Detecting folders with duplicated FLAC albums

Like it or not over the years we end up copying and moving things around, make backups of backups and before you know it you have two or more copies of the identical album (i.e. regardless of file size and metadata, the audio streams are identical) lying around in your library.

For my own use I coded some SQLite queries to identify folders within my library containing FLAC files which together have the identical audio stream to the FLAC files in another folder. In doing the analysis the code generates 3 SQLite tables

  • a list of distinct folders
  • a list of folders with the same FLAC content
  • a list of folders which can be deleted (leaving behind only one copy of the FLAC files)

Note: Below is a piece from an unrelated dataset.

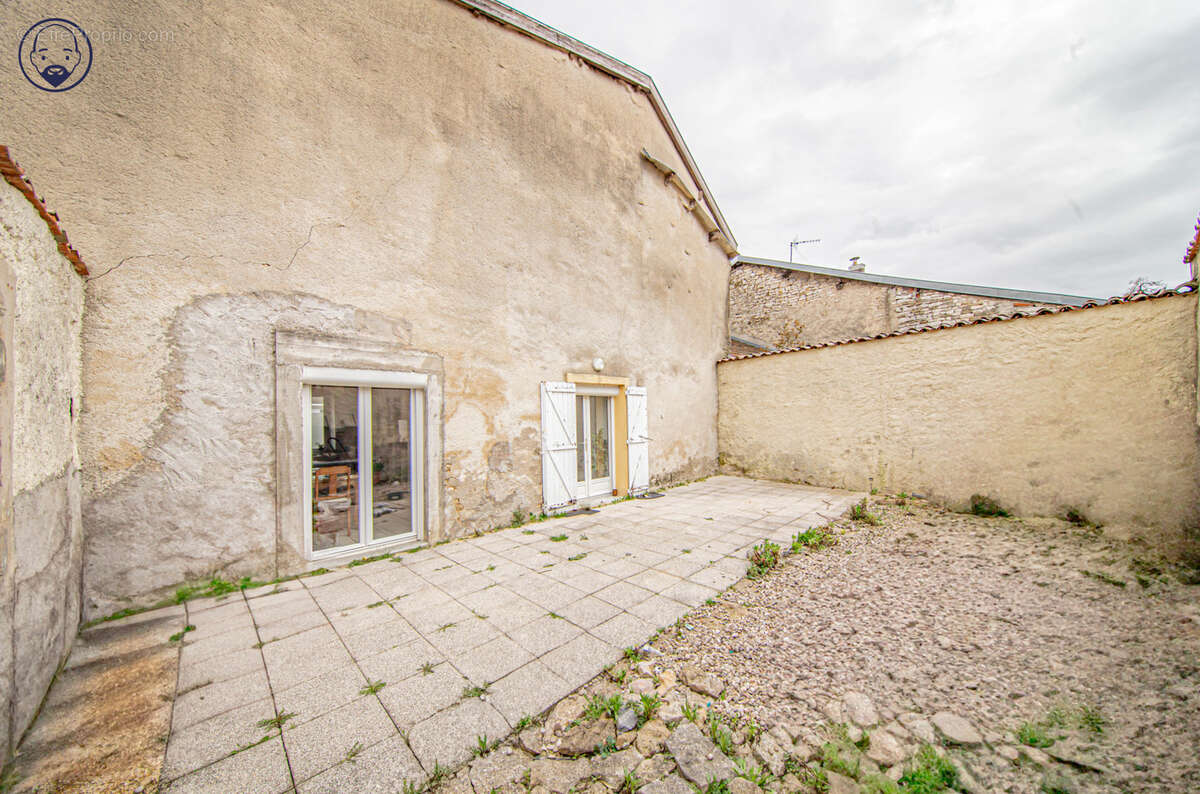 Maison à SORCY-SAINT-MARTIN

The code will not modify or delete your music, it simply does analysis based on table contents. It’s been used and tested extensively by myself and a few friends and has no known issues.

I think it’d be a neat addition to beets and require only a few additional tables to be created whenever a user wants to check their library for duplicate albums and perhaps some code to act on the outcomes.

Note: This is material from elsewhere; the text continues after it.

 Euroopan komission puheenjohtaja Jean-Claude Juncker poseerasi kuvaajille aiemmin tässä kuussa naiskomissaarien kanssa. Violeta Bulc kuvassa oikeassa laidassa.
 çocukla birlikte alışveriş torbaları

Beets’ import code would need to import and store the md5sum from the underlying FLAC files

I’d be happy to share the code if there’s interest in incorporating into beets.

Sounds very cool! But just for comparison, have you tried out the duplicates plugin? I know it’s not the same because your thing uses actual content hashes instead of metadata, but it might be worth thinking about how it might be integrated.

I had a quick look at the duplicates plugin documentation and I think its scope is a lot broader than that I put together. It may be possible to incorporate the ideas or code I put together into the existing plugin to deal with the specific task of finding folders in a collection that contain a collection of FLAC files with identical audio contents, using only the md5sum.

Looking at beets’ items table it doesn’t look like you grab the md5sum from FLAC metadata, which is a pity because all that’d be needed beyond that point is to use the sqlite code within Python to do the comparing. Without the md5sum one would need to fetch same. My scripts do so using metaflac, but I know it can be retrieved using mutagen too.

Anyhow, the scripts are here:

I’m not particularly familiar with Python so incorporating would be a challenge for me, but if dev’s feel there’s benefit adding it and are willing to humour me and assist I’m happy to have a go in my spare time.